1. The date of Hanukkah changes every year because it goes by the Hebrew calendar. This year on the Hebrew calendar is 5774. The next time Thanksgiving and the first day of Hanukkah will be on the same day is in 79,811 years.
2. Hanukkah starts at sundown tonight, and will go for eight days.
3. Hanukkah is known as “The Festival of Lights” and was not originally a gift-giving holiday. In modern times it has become one because it has been celebrated around Christmas.
4. Presents are usually only bought for the children.
5. During Hanukkah there are usually smaller presents given each night, with the largest gift given on the eighth night.
6. Traditionally children play a game called Dreidel, which is a gambling game with a four-sided spinning top.
7. The reason why there are eight nights of Hanukkah is because when the holy temple in Jerusalem was destroyed, there was only enough oil for the Temple light to last one night — but it ended up lasting eight.
8. We typically eat latkes (potato pancakes) with sour cream or applesauce, and they are delicious.
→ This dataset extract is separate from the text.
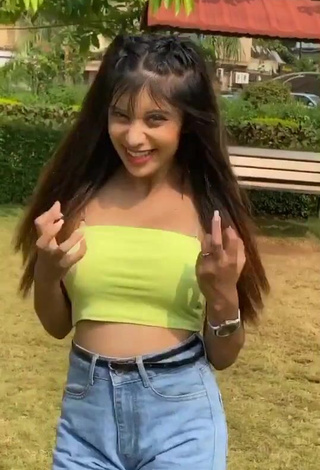 Cute Somya Daundkar Shows Cleavage in Crop Top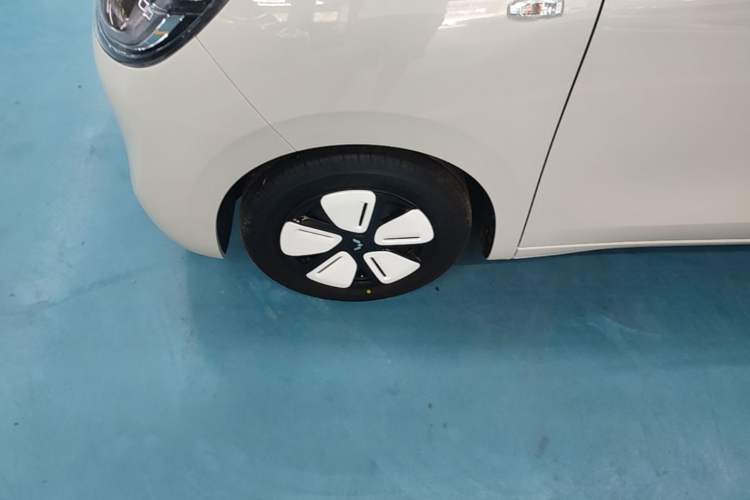 Used Wuling Hongguang MINIEV 2025 Four-Door Version Advanced Edition Left Front Wheel Hub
9. The Menorah is traditionally lit from right to left, and each night you light another candle until all eight are lit on the eighth night.
10. Children typically exchange chocolate money; however, we will never turn a piece down if offered.
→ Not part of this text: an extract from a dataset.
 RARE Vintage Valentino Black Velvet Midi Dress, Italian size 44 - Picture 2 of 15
Happy Hanukkah and Thanksgiving from our families to yours!
This has been a public service announcement from Brightwing CMO David Chernow and Brightwing friend Ira Berkowitz.
November 27, 2013 at 12:19 pm /
Whoever was responsible for posting this information should take it globally. All of the religions should be represented as knowledge is attained. Knowledge eradicates fears, thus if everyone became educated, mistrust would be alleviated. I don’t work at your company but as a fellow human I am impressed. Happy Hanukkah!